The FROM block specifies which table we’re querying from. Its format is FROM <table>. It always comes after the SELECT block.

In the next example, observe that we don’t need the FROM block if we’re not using anything from a table.

Isn’t it strange that 51 / 2 gives 25 rather than 25.5? This is because SQL is doing integer division. To do decimal division, at least one of the operands must be a decimal, for instance 51.0 / 2. A common trick is to multiply one number by 1.0 to convert it into a decimal. This will come in useful in the later chapters.

Capitalization

Even though we’ve capitalized SELECT, FROM and LIMIT, SQL commands are not case-sensitive. You can see that the code editor recognizes them and formats them as a command no matter the capitalization. Nevertheless, I recommend capitalizing them to differentiate them from column names, table names and variables.

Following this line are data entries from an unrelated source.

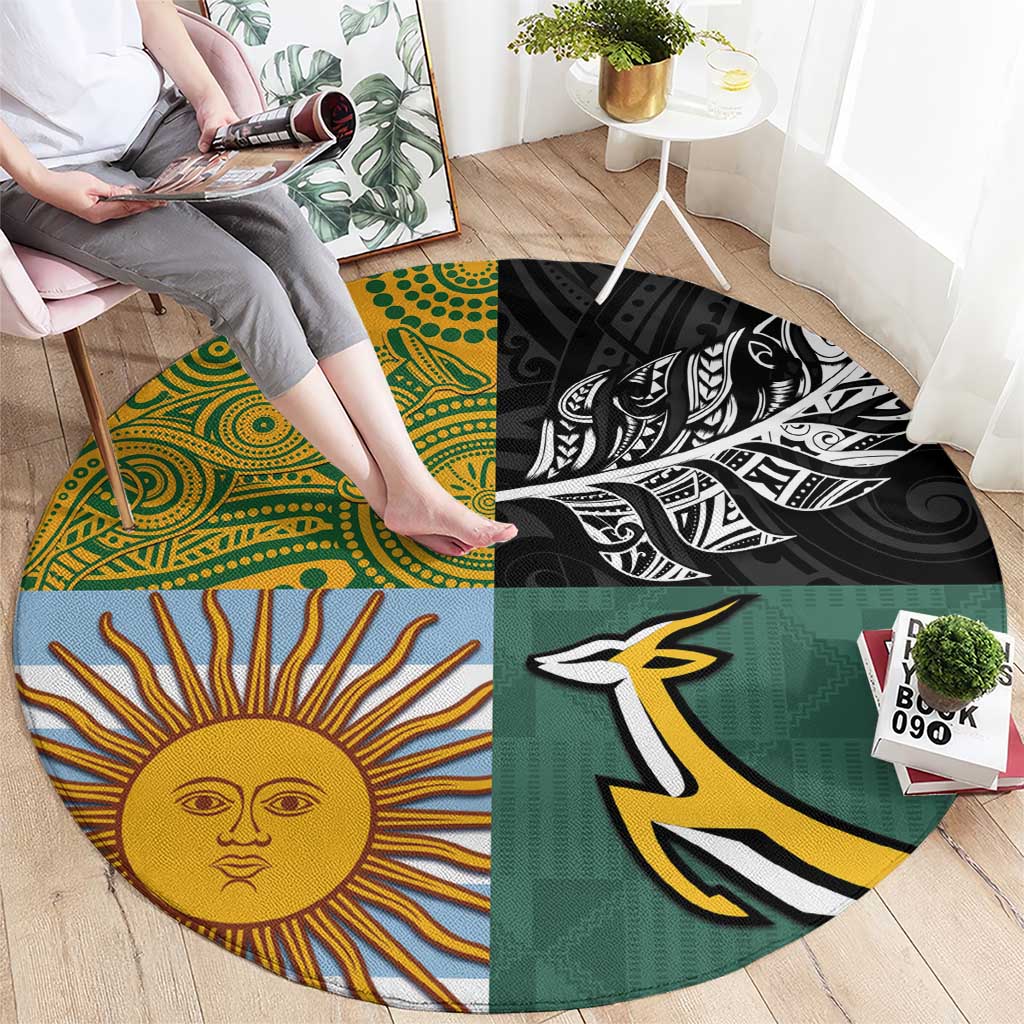 Rugby 2025 Championship Round Carpet Combination of Southern Hemisphere Countries - Wonder Print Shop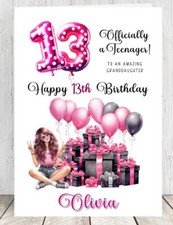 13th Personalised Birthday Card A5 size Teenager Granddaughter Daughter Girl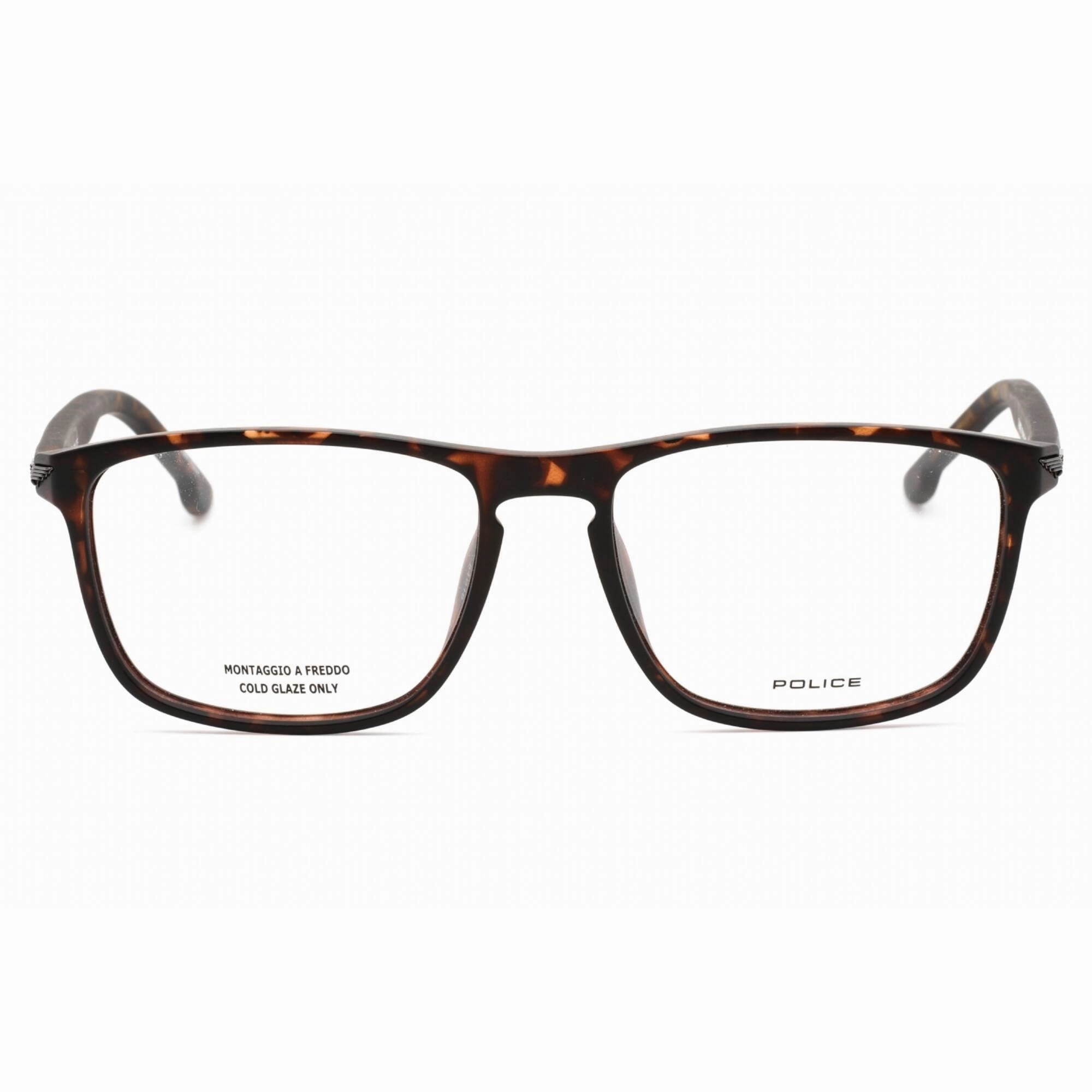 Police Men's Eyeglasses - Matte Dark Havana Rectangular Shape Frame | VPLA44 0878
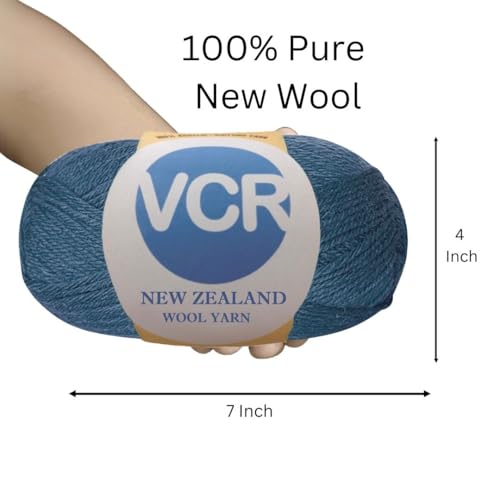Image of VCR Prussion Blue Chunky Wool Yarn, 100 Grams, Hank, 196 Meters, 100% New Zealand Wool Knitting Yarn, Soft Crosia Thread Suitable for Baby Blankets & Booties Pack of 1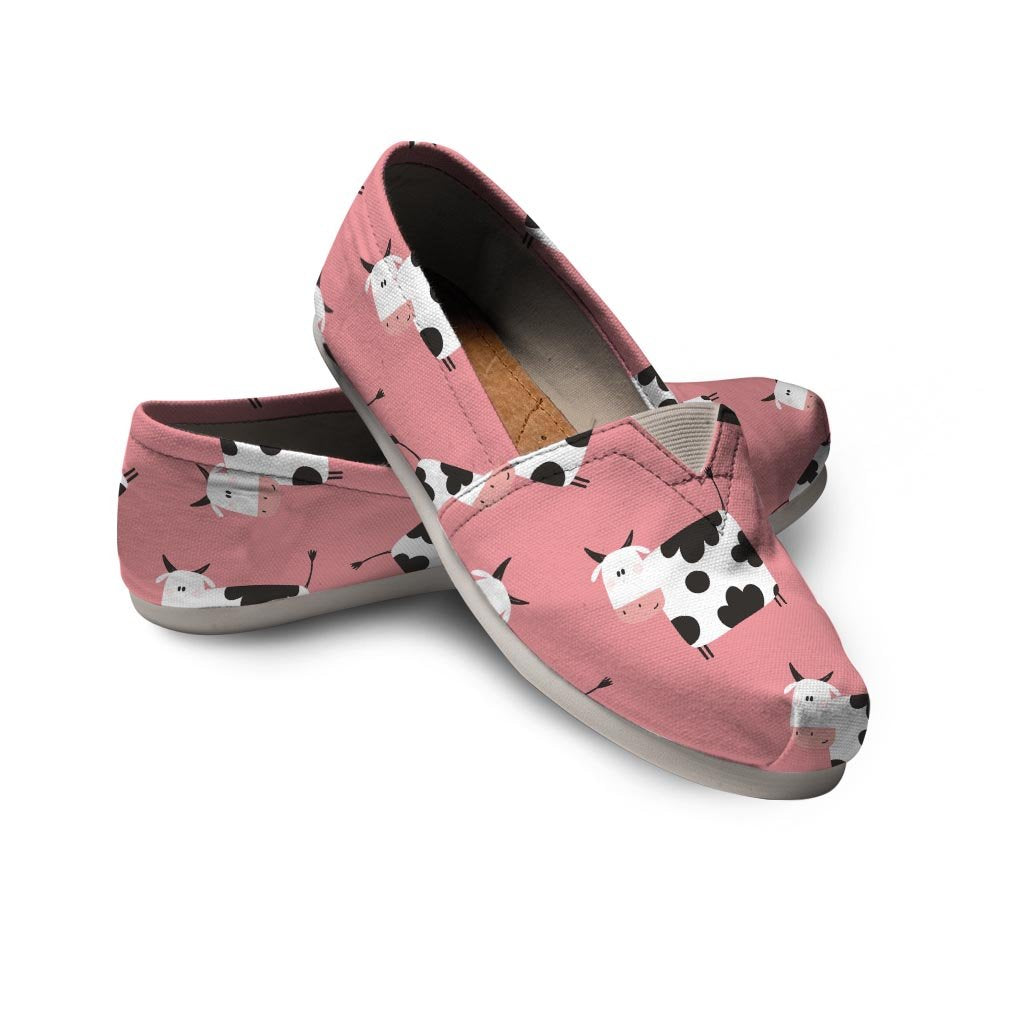 Pink Cow Pattern Print Canvas Shoes-grizzshop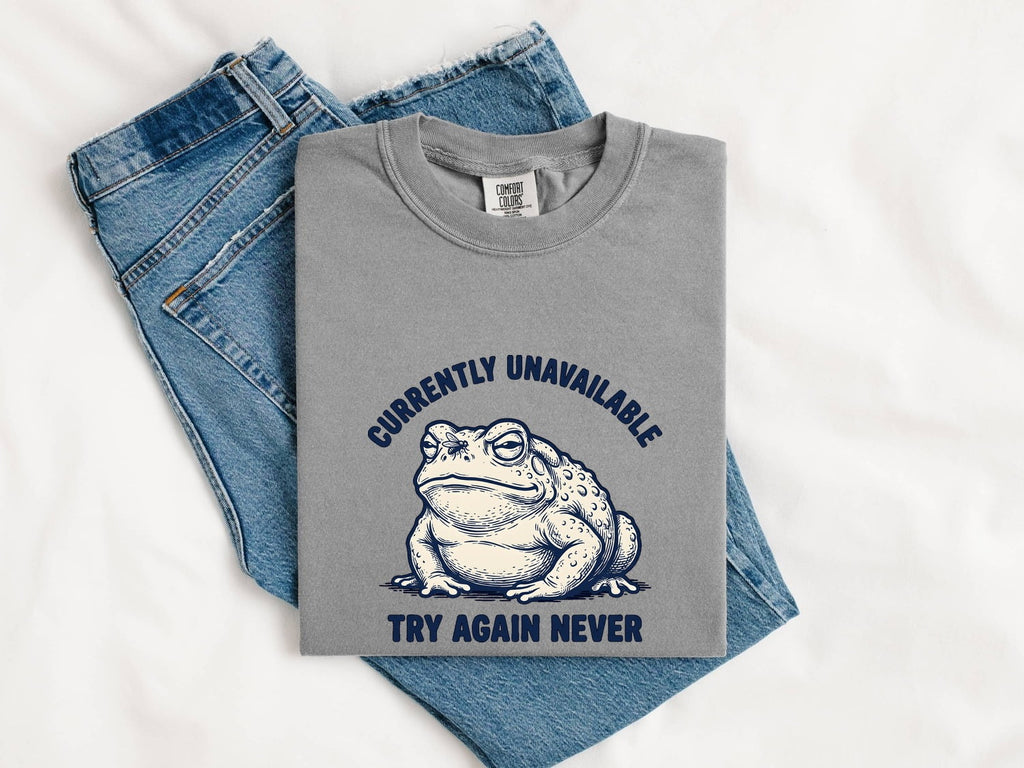 Currently Unavailable Shirt, Try Again Never Tee, Funny Frog Shirt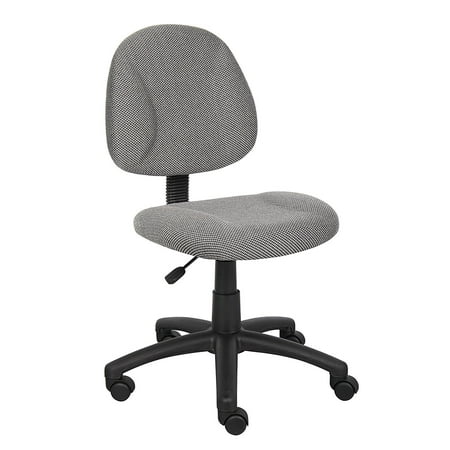 boss office products b315 gy perfect posture delux fabric task chair without arms in grey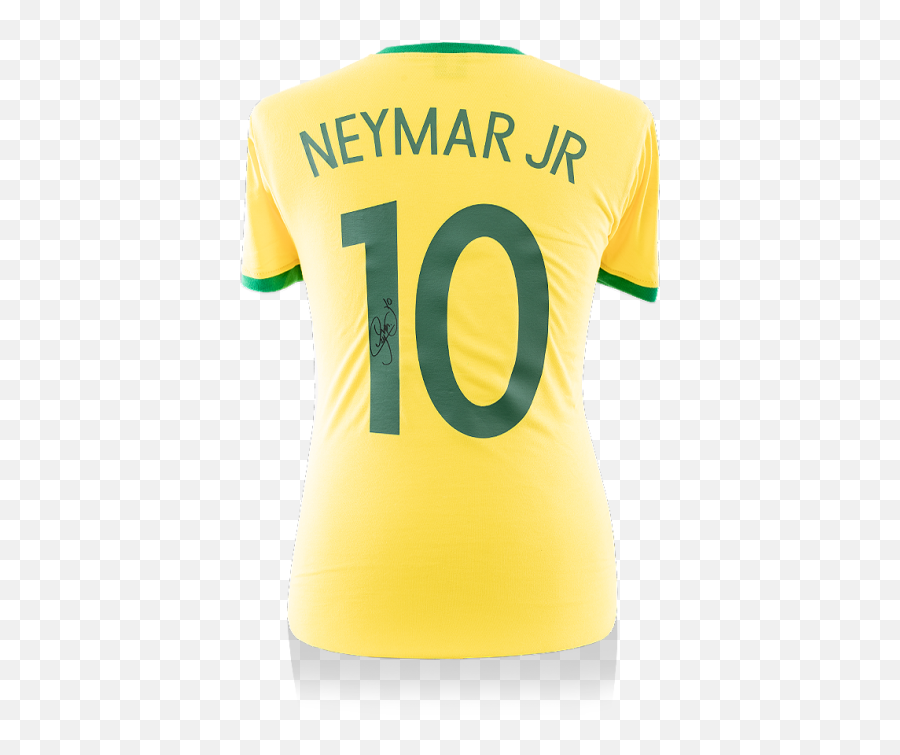 Neymar Jr Back Signed Retro Brazil Shirt With Fan Style Numbers - Short Sleeve Png,Style Icon Arnold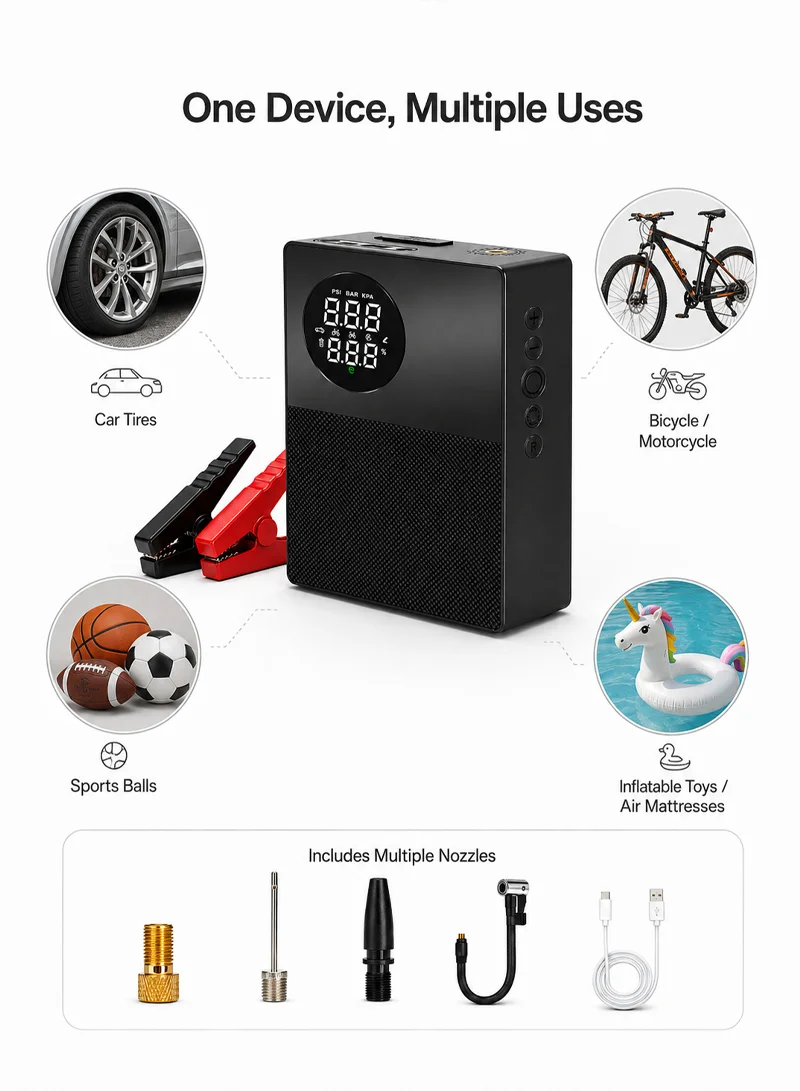 60W 8800mAh 35C Car Jump Starter Air Pump Inflator Emergency Battery Power Bank LED Light Smart — photo 7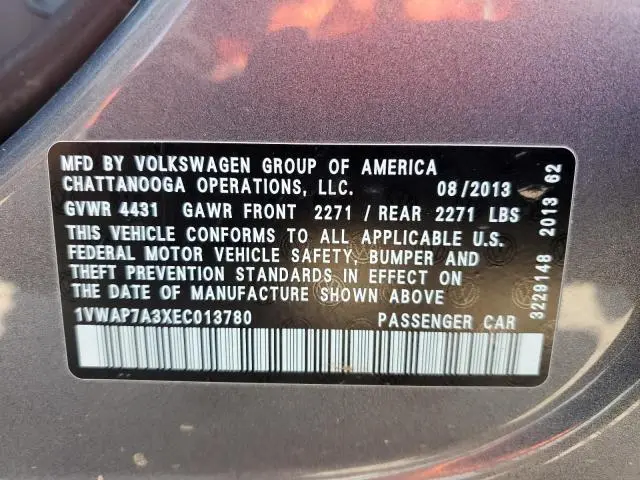 2014 VOLKSWAGEN PASSAT S  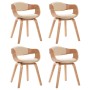 Sillas de comedor 4 uds madera curvada y cuero sintético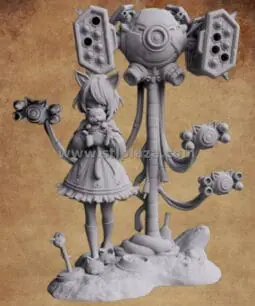 Luna and Tofu STL File Cyberpunk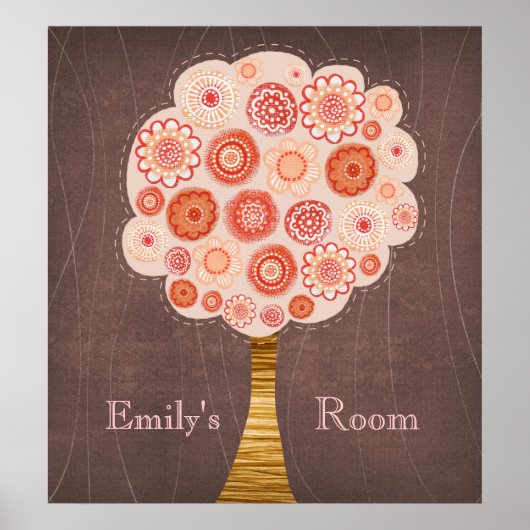 Orange Blossom Tree Baby Girl Room Poster (Vorne)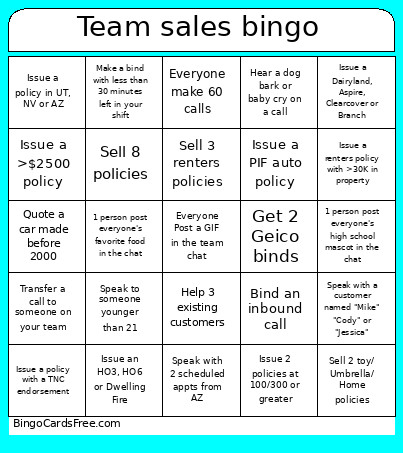 Team Sales Bingo Card
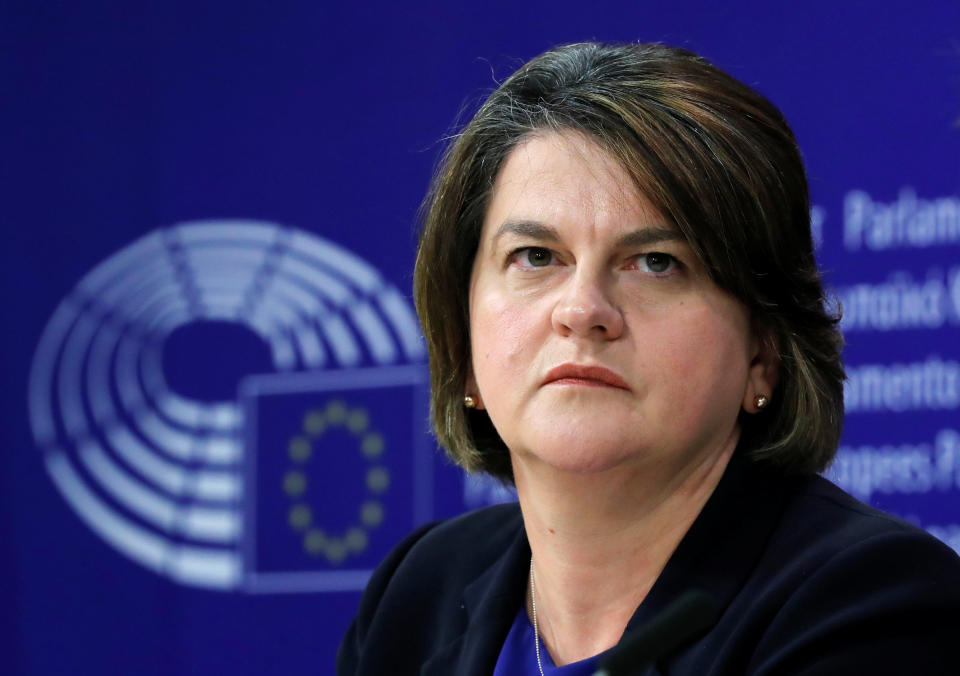 DUP leader Arlene Foster speaking to journalists in Brussels (Reuters)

Column names, table names and variables are also not case-sensitive in this version of SQL, though they are case-sensitive in many other versions. To be on the safe side, I recommend always assuming they are case-sensitive.

Whitespace

Whitespace refers to spaces, tabs, linebreaks and other characters that are rendered as empty space on a page. As with capitalization, SQL isn't very sensitive to whitespace as long as you don't smush two words into one. This means that there just needs to be at least one whitespace character around each command — it doesn't matter which one or how many you use. Unless it's a short query, I prefer putting each command on a new line to improve readability.


The WHERE Block

The WHERE block allows us to filter the table for rows that meet certain conditions. Its format is WHERE <clause> and it always goes after the FROM block. Here, a clause refers to a Boolean statement that the computer can evaluate to be true or false like ex_number = 145. You can imagine that the computer will go through each row in the table checking if the clause is true, and if so, return the row.

It’s clear how we can use arithmetic operators like < and <= to build clauses. There are also a collection of string operators to work with strings.

The most powerful of these is probably LIKE. It allows us to use wildcards such as % and _ to match various characters. For instance, first_name LIKE '%roy' will return true for rows with first names ‘roy’, ‘Troy’, and ‘Deroy’ but not ‘royman’. The wildcard _ will match a single character so first_name LIKE '_roy' will only match ‘Troy’.

Quotes

In SQL, strings are denoted by single quotes. Backticks (ie `) can be used to denote column and table names. This is useful when the column or table name is the same as a SQL keyword and when they have a space in them. It's possible to have a database with a table named 'where' and a column named 'from'. (Who would be so cruel as to do this?!) You would have to do SELECT `from` FROM `where` WHERE .... This is another example why capitalization of SQL commands helps.

As you’ve seen in the previous exercise, complex clauses can be made out of simple ones using Boolean operators like NOT, AND and OR. SQL gives most precedence to NOT and then AND and finally OR. But if, like me, you’re too lazy to remember the order of precedence, you can use parenthesis to clarify the order you want.

Let’s take a quick quiz to cement your understanding.

Now you have the tools you need to complete our project.

Isn’t it amazing how profound and eloquent Beazley is? Recall that he was only 25 when he made the statement and had been in prison since he was 18.


Recap

The point of this chapter has been to introduce the basic but powerful SELECT <column> FROM <table> WHERE <clause>. It allows us to filter a table by having the computer go row by row and pick out those for which the WHERE clause is true. We’ve also learned how to put together fairly complex clauses that can operate on string, numeric and boolean-valued columns.

Up till now, we’ve been operating at the row-level which has limited us to looking at individual data points. In the next chapter, we’ll focus on aggregations which will allow us to study system-level phenomena.